Density
functional theory (DFT) is a powerful quantum mechanical
computational tool to perform electronic structure calculations for
materials. Few DFT methods can ensure accuracy and efficiency simultaneously.
DFT + U + V is an alternative effective
approach to overcome this drawback. However, the accuracy sensitively
depends on the self-consistent estimation of the high-dimensional
onsite and intersite Hubbard interaction U and V terms. We propose Bayesian optimization using a dropout
(BOD) algorithm, one type of active learning method, to optimize U and V terms. The DFT + U + V with U/V obtained
by BOD can produce improved electronic properties for diverse bulk
materials of comparable quality to the hybrid functionals with lower
computational cost compared to the linear response approach.
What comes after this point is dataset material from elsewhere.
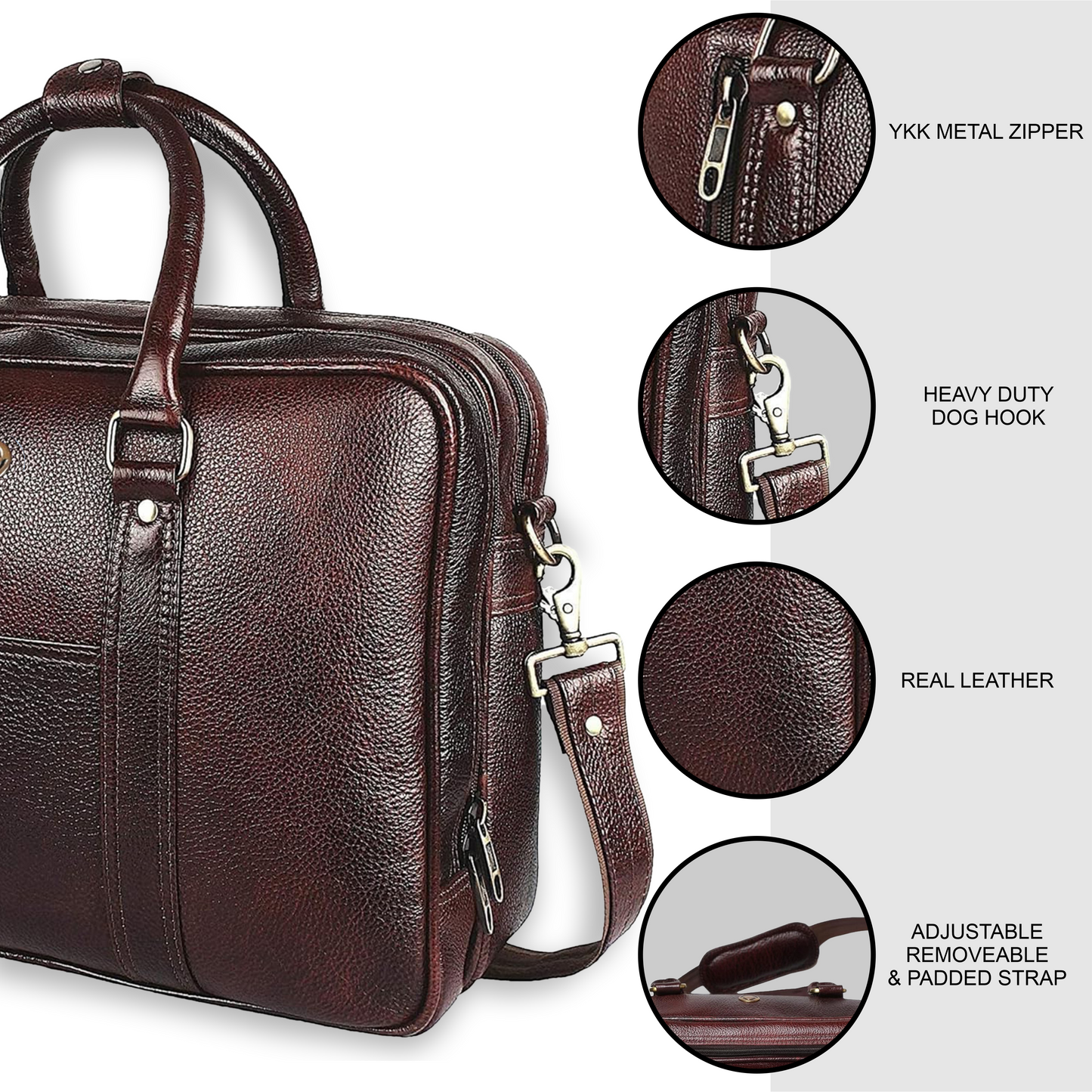 Omax Brown Color Genuine Leather Double Compartment Messenger Laptop Bag LTHR03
Note
that the band gaps calculated by BOD are somewhat different from that
of hybrid functionals by simply applying the same U/V parameters as in the case of surface slabs and
interfaces, which suggests that the transferability of U/V from the bulk models to slabs and interfaces
is not as well as expected. BOD is extended to calculate the U/V parameters for slabs and interfaces
and reach similar results as bulk solids. Moreover, we find that the U/V are reasonably transferable between
surface slabs and interfaces with different thicknesses under various
effects of quantum confinement, which contributes to fast access to
the electronic properties of large-scale systems with higher accuracy.